A study in the June issue of Clinical Gastroenterology and Hepatology, published by Elsevier, demonstrates that the Hepascore™ liver fibrosis blood-serum test panel may help physicians more accurately diagnose and stage liver fibrosis in patients with chronic hepatitis C (HCV), potentially alleviating the need for liver biopsy, the standard of care for staging fibrosis, in a particular subset of patients.
The Hepascore test panel is provided exclusively by Quest Diagnostics Inc.
"Hepatologists have long sought a noninvasive technique for assessing fibrosis without conducting a liver biopsy, a painful procedure that can miss cirrhosis in some patients," said Nezam H. Afdhal, M.D., study investigator and director, Hepatology, Beth Israel Deaconess Medical Center and associate professor, Medicine, Harvard Medical School.
"While Hepascore is unlikely to entirely replace liver biopsy as a staging test for liver fibrosis, one can envision an algorithm using Hepascore in the management of chronic HCV. In fact, the present study suggests that a unique Hepascore-based algorithm we developed that incorporates results of FIB-4 and APRI assessments would have spared 103 of the 391 study participants with chronic HCV the need for liver biopsy, with advanced fibrosis missed in one patient.
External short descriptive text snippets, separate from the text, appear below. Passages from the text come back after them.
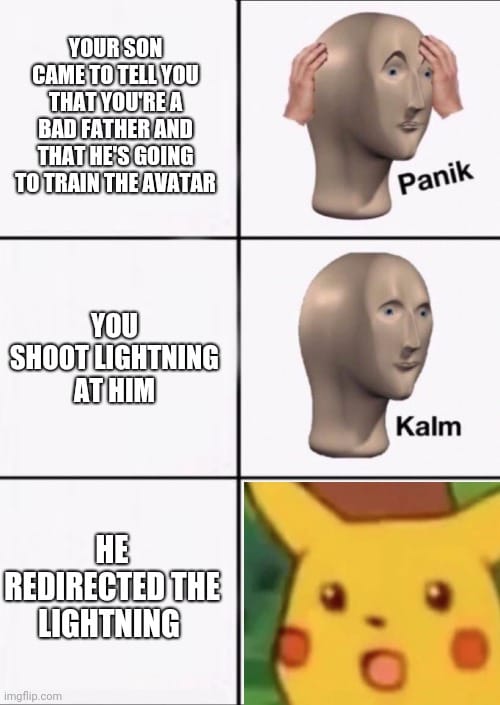 This meme is a humorous take on a common parenting experience. The image depicts a child who has been watching a movie or TV show with a character who has a similar personality to the child's real-life father. The child, frustrated with the father's behavior, says "You're just like the dad from [insert movie/TV show name]!" The father, taking offense, responds with a witty remark that is often a clever insult or a humorous comparison.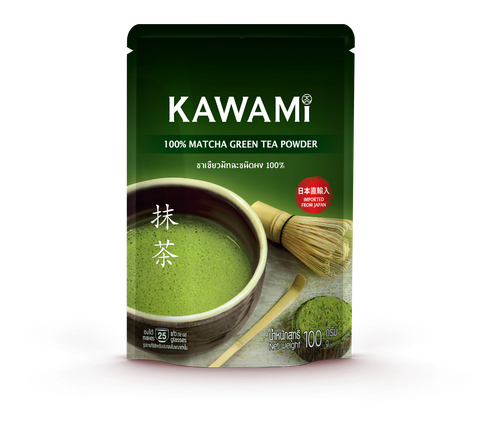 KAWAMI 100 % MATCHA GREEN TEA POWDER 100G
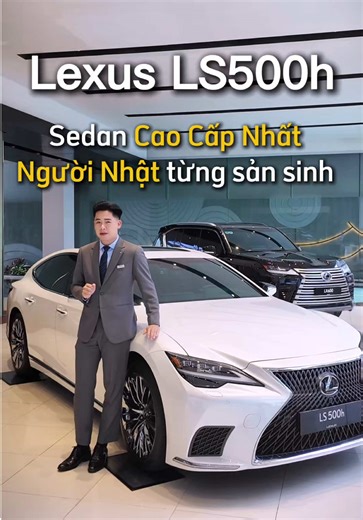 Mời các bạn cùng chiêm ngưỡng Lexus LS500h - Đẳng Cấp Sedan Hạng Sang Cao Cấp người Nhật từng sản sinh ra. @𝐁𝐚̉𝐨 𝐏𝐡𝐮́𝐜 #LexusTrungTamSaiGon #LS500 #LexusLS #Sedan #LuxuryCars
We look forward to longitudinal studies that may prospectively assess the usefulness of Hepascore in clinical strategy for monitoring, treating and possibly alleviating the need for biopsy in a subset of chronic HCV patients."
Infection with HCV most often results in chronic HCV, a liver disease. An estimated 19,000 patients were infected with HCV in the U.S. in 2006 (Source: CDC). Chronic HCV is the most common cause of liver fibrosis, a condition that can progress to liver cirrhosis or cancer. Physicians manage HCV infection based on assessments of the degree of a patient’s liver fibrosis. Although liver biopsy is the gold standard for determining the degree of fibrosis in chronic HCV patients, it can cause pain, bleeding and, in rare cases, death. Biopsy also must be performed repeatedly in order to monitor fibrosis’ reversal or progression. In addition, an estimated 15 to 30 percent of biopsies miss cirrhosis. Physicians typically give antiviral drug therapy to patients with significant fibrosis and monitor chronic HCV patients at low risk of developing fibrosis.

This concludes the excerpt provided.